The material below holds pictures, which are to be left out; copy exactly the lines from the one with "Womens UK Size" through the one with "Split-Phase Belt Drive".

> Records shown

-- Opening Marker --

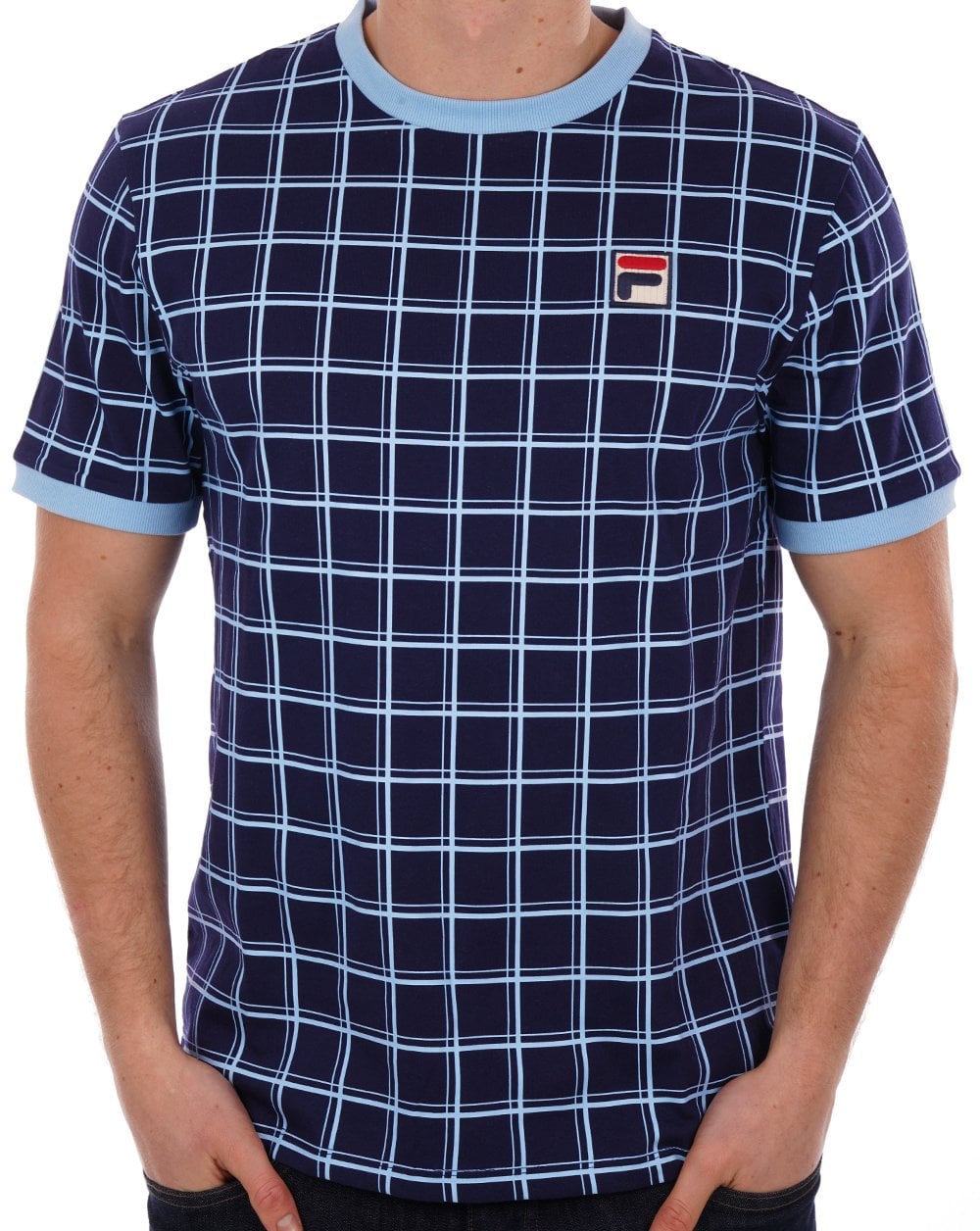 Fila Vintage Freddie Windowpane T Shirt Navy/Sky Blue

-- Closing Marker --
-- Opening Marker --

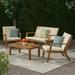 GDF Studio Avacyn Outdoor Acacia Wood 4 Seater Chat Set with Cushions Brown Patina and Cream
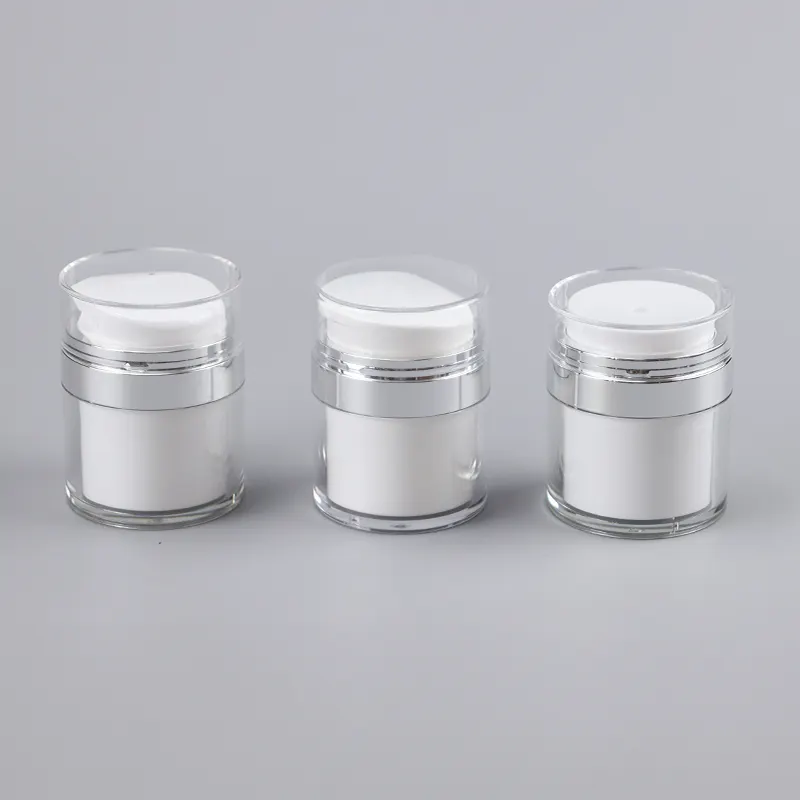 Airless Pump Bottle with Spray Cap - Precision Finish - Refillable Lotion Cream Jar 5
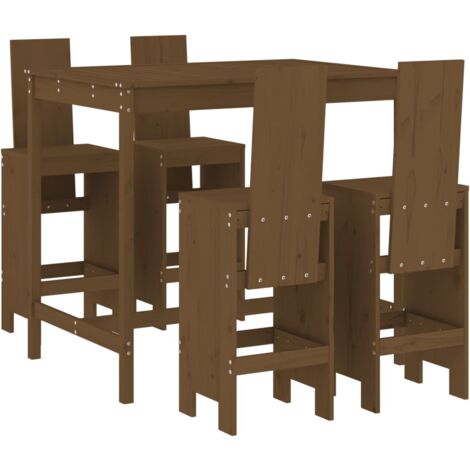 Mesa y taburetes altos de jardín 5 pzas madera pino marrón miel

-- Closing Marker --
-- Opening Marker --

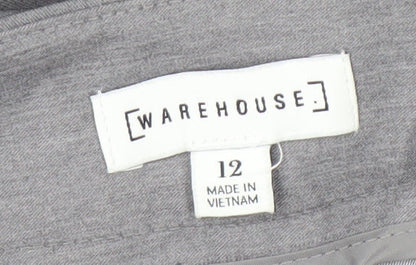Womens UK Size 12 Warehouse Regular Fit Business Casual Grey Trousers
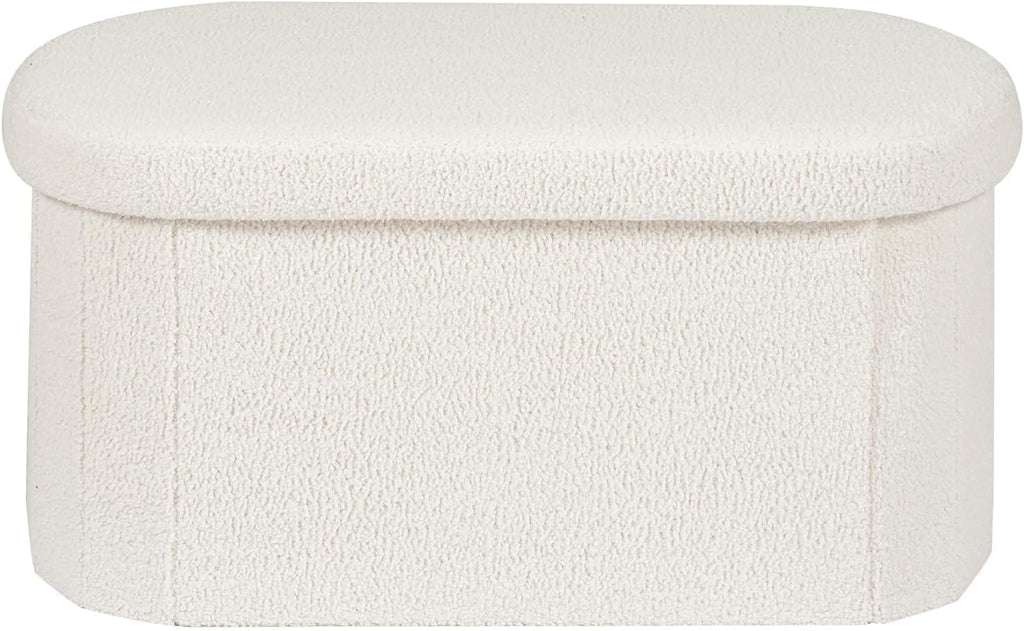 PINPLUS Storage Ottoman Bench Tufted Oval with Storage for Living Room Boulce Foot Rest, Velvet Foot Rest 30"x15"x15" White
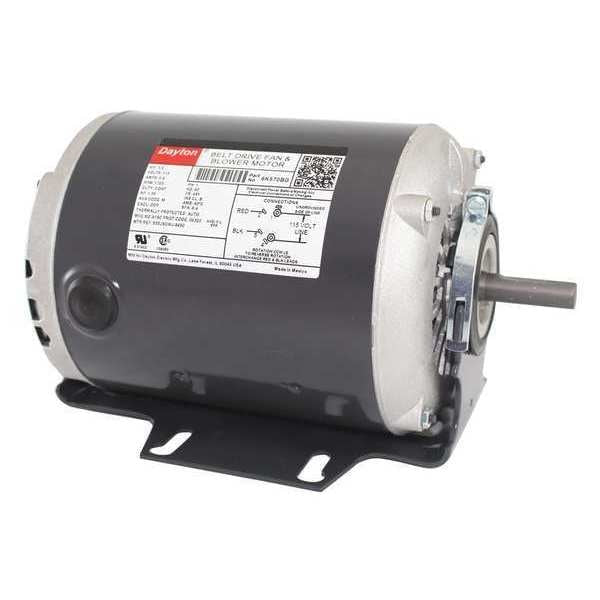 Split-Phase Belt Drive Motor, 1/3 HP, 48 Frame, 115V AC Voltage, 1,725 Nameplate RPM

-- Closing Marker --

> Task response
Womens UK Size 12 Warehouse Regular Fit Business Casual Grey Trousers
 PINPLUS Storage Ottoman Bench Tufted Oval with Storage for Living Room Boulce Foot Rest, Velvet Foot Rest 30"x15"x15" White
 Split-Phase Belt Drive Motor, 1/3 HP, 48 Frame, 115V AC Voltage, 1,725 Nameplate RPM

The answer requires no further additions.